Gage Roads is an area in the outer harbour area of Fremantle Harbour in the Indian Ocean offshore from Fremantle, Western Australia.

It incorporates a deep water sea channel as part of its function.

Gage Roads serves as a shipping lane and anchorage for sea traffic heading towards the seaport of Fremantle. Gage Roads was the location of the 1987 America's Cup,

Rottnest Island lies to the west of Gage Roads, Owen Anchorage and Cockburn Sound lie to the south.

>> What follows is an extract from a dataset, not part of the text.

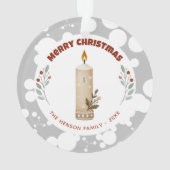 Candle Foliage Christmas Family Holiday オーナメント (裏面)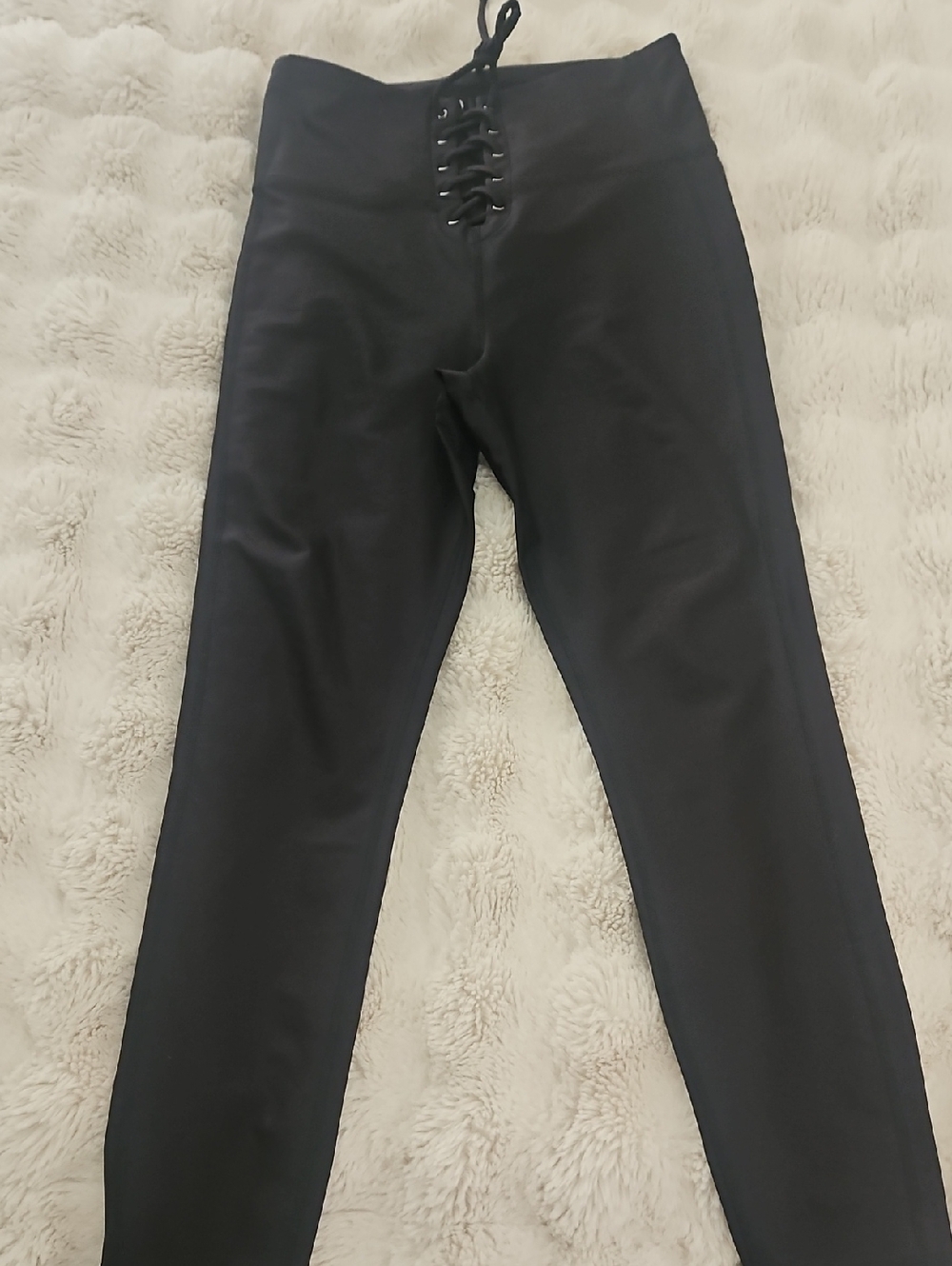 Womens Black Lace-Up Leggings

The local Gage Roads Brewing Company, as well as the local marine engineering company Gage Roads Marine, are named after the area.

Coastal geology
The area is the most northern of one of four coastal basins formed from the flooding of a depression between Pleistocene aeolianite ridges running north-south, and the subsequent deposition of east-west Holocene banks. The seabed of Gage Roads is covered by seagrass.

Naming
Gage Roads was named after Rear-Admiral Sir William Hall Gage who was the Royal Navy Commander-in-Chief, East Indies, when James Stirling was surveying the Swan River in 1826.

Shipping reports
Gage Roads is identified in shipping reports listing ships at anchor prior to entering the port of Fremantle.

Anchorage
At certain times, over 10 ships can be seen anchored in Gage Roads waiting to enter the port of Fremantle. In addition to these waiting ships, oversized ships that are unable to enter the inner harbour due to size or draft are required to anchor in Gage Roads.

Cruising
In the early 1900s, the local boat SS Zephyr regularly took cruises in Gage Roads.  In the 2000s, the   has used Gage Roads for short sailing cruises.

Wartime
During the World War II era, the Leighton Guns (also known as Leighton Battery) on Buckland Hill were part of the main anti-aircraft defence of the Gage Roads area.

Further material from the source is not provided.